Speaking on Wednesday in Abuja as part of activities to mark the World Antibiotic Awareness Week, WHO Regional Director for Africa, Dr Matshidiso Moeti said that it killed 700, 000 people worldwide annually.
He said that antimicrobial resistance (AMR) endangered health security and “our progress towards universal health coverage, by threatening to reverse medical advances of the twentieth century.
“It reduces our ability to treat diseases such as pneumonia, tuberculosis, gonorrhoea and cancer. AMR also threatens our ability to conduct surgeries and to care for premature babies.
“This silent pandemic is already leading to about, 700, 000 deaths worldwide each year and if left unchecked, AMR could cause up to 10 million deaths annually by 2050.
“People living in developing countries and those in fragile contexts, affected by conflicts and violence, are particularly vulnerable,” she said.
Moeti, represented by WHO Officer-in-Charge, Dr Clement Peters said, “We are seeing high resistance to common pathogens such as 98 per cent fluoroquinolone-resistant Escherichia coli, meaning there are limited treatment options for people that get this infection.
“Key challenges in combating AMR include: weak regulatory systems facilitating proliferation of substandard and falsified medicines; limited implementation of standards for clean water, sanitation and hygiene, and to prevent and control infections; and a lack of reliable data,” the expert explained.
She said WHO and other partners were working with countries to address these challenges by implementing “One Health” national action plans. “
She said that the plan would bring together different sectors and disciplines to build stronger regulatory systems, to improve surveillance, and to develop policies to promote appropriate antibiotic use among humans, and in livestock and agriculture.
According to her, in the African Region, nine of 47 countries now have functioning multisectoral working groups on AMR and 19 countries have enrolled in the Global AMR Surveillance System (GLASS).
“Twenty-four countries have legislation on the prescription and sale of antimicrobials for human use and six have national monitoring systems for consumption and rational use of antimicrobials in human health.

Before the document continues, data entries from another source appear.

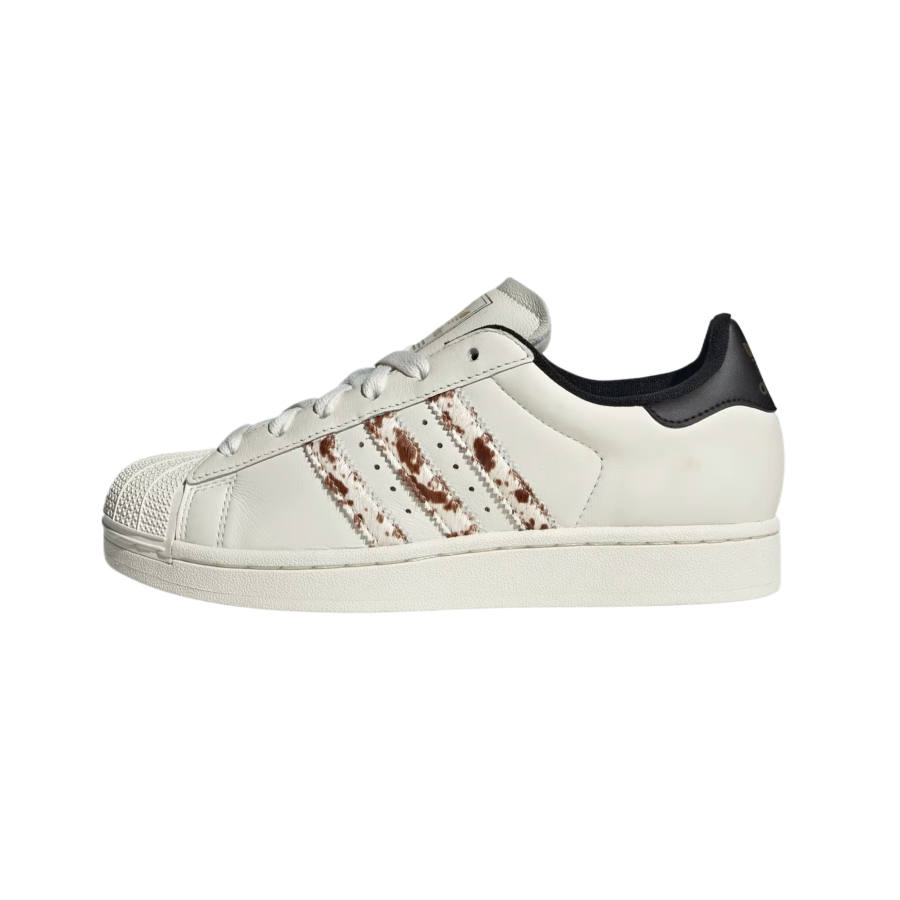 Adidas Originals Superstar Ii sneakers Women's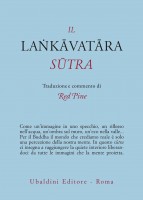 LANKAVATARA SUTRA
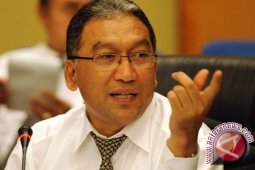 Ditjen Pajak Berharap Bisa Rekrut 60.000 Pegawai Baru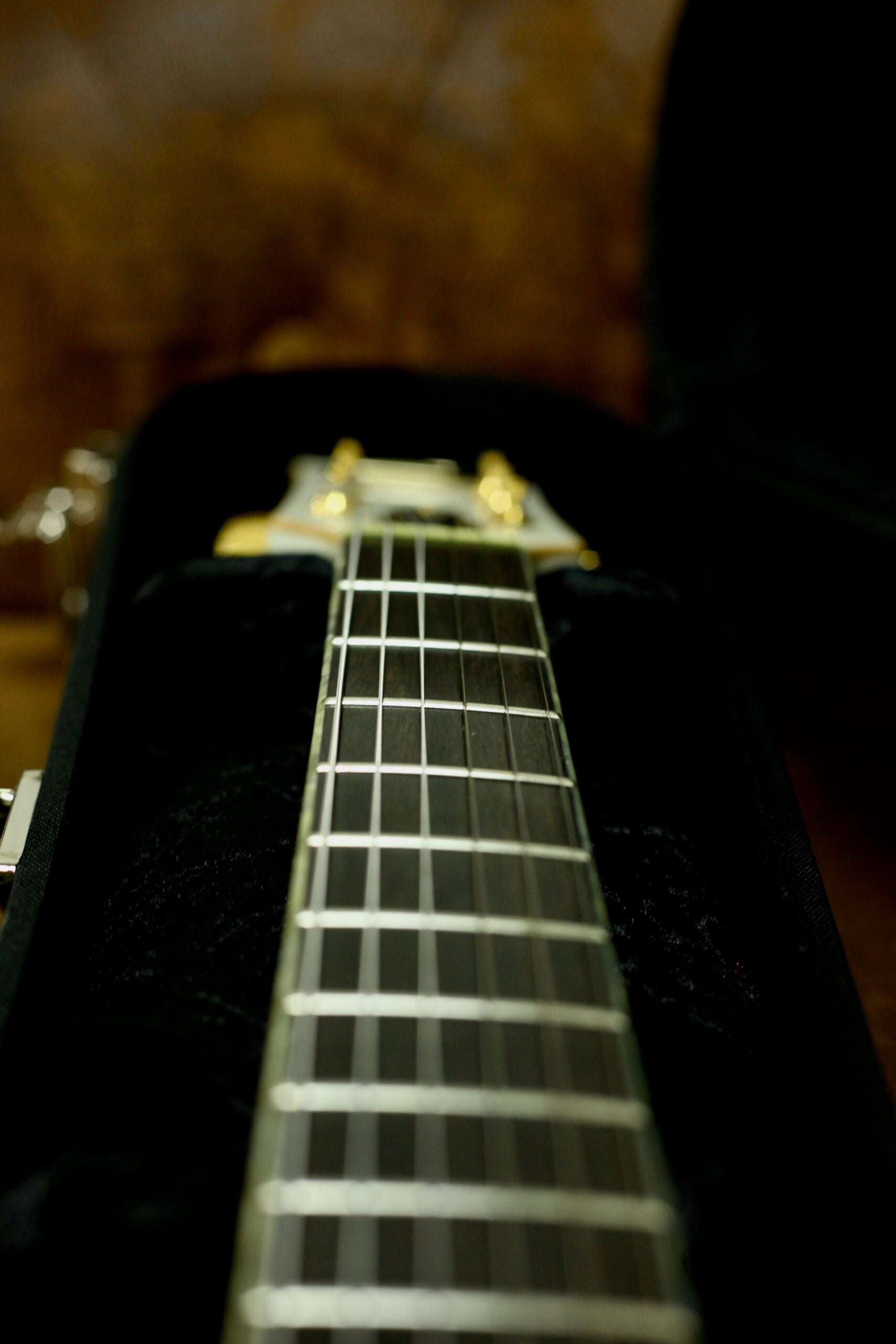 Duesenberg Fantom 2025 | Aged White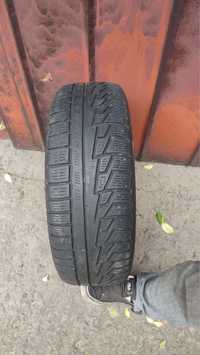 Nokian 195/60 r15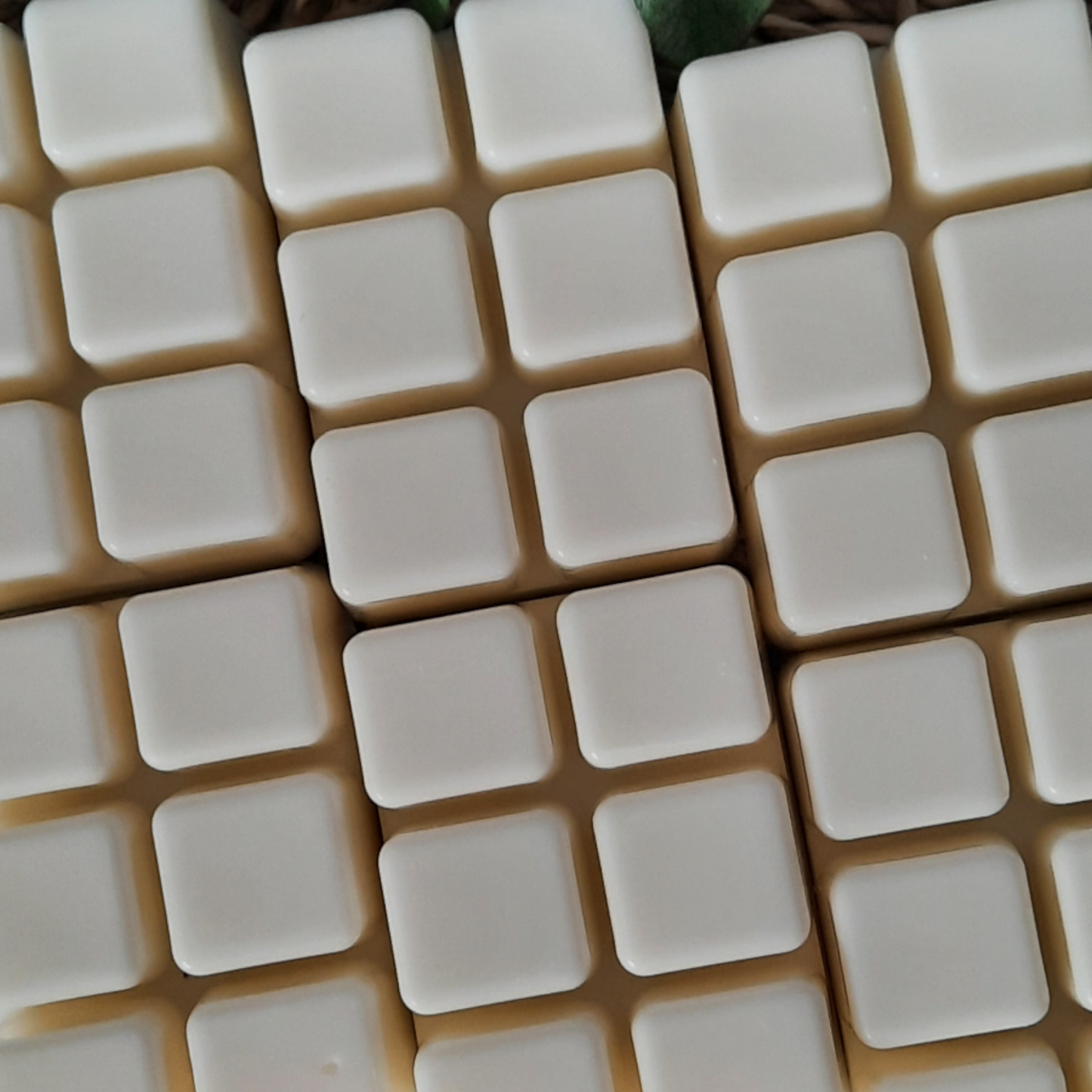 Tableta de ceara parfumata | SWEET TONKA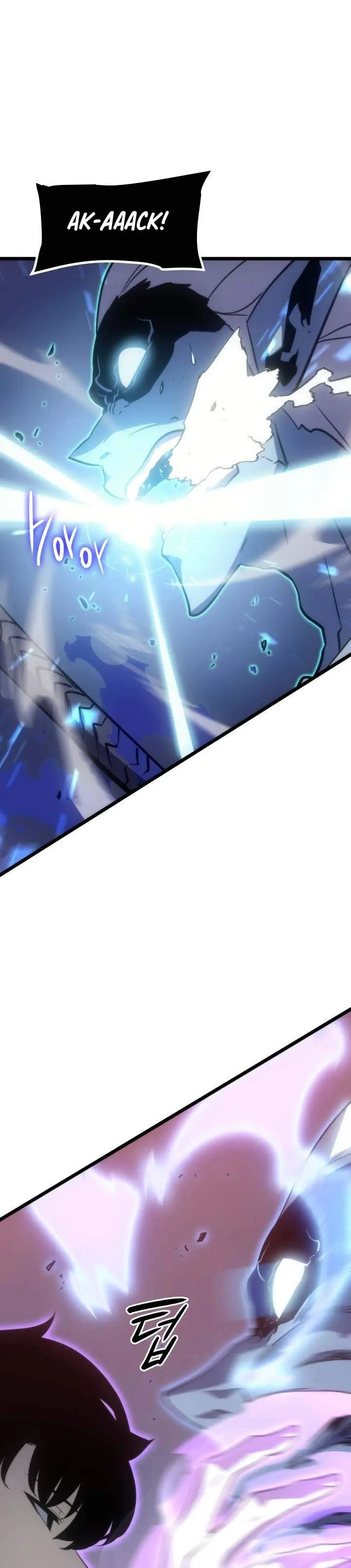 image-komik-solo-leveling-chapter-165-39/53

“Together, we need to accelerate action to reduce the increasing prevalence of drug-resistant infections,” she said.
Moeti urged Nigerians to do more to handle antibiotics with care, adding that governments could adequately ensure national action plans, promote AMR governance, facilitate multisectoral collaboration, and increase access to clean water and sanitation.
She said that patients should only use antibiotics prescribed by a certified health professional.
The Regional Director urged health workers to always follow infection prevention and control practices, and only prescribe and dispense antibiotics when they were truly needed.
According to her, the private sector can invest in research and development of new antibiotics while the agricultural industry can reduce the use of antibiotics in livestock farming.
“Working together and taking a holistic approach to safeguarding antibiotics, will help to ensure that we can all look forward to a healthier future,” she said.
This News Agency of Nigeria (NAN) reports that the 2019 theme is “handle antibiotics with care.”
It also emphasizes the need to use antibiotics safely and responsibly across sectors, from agricultural and livestock production to public health, and to mitigate the impacts of antimicrobial pollution contaminating water and soil.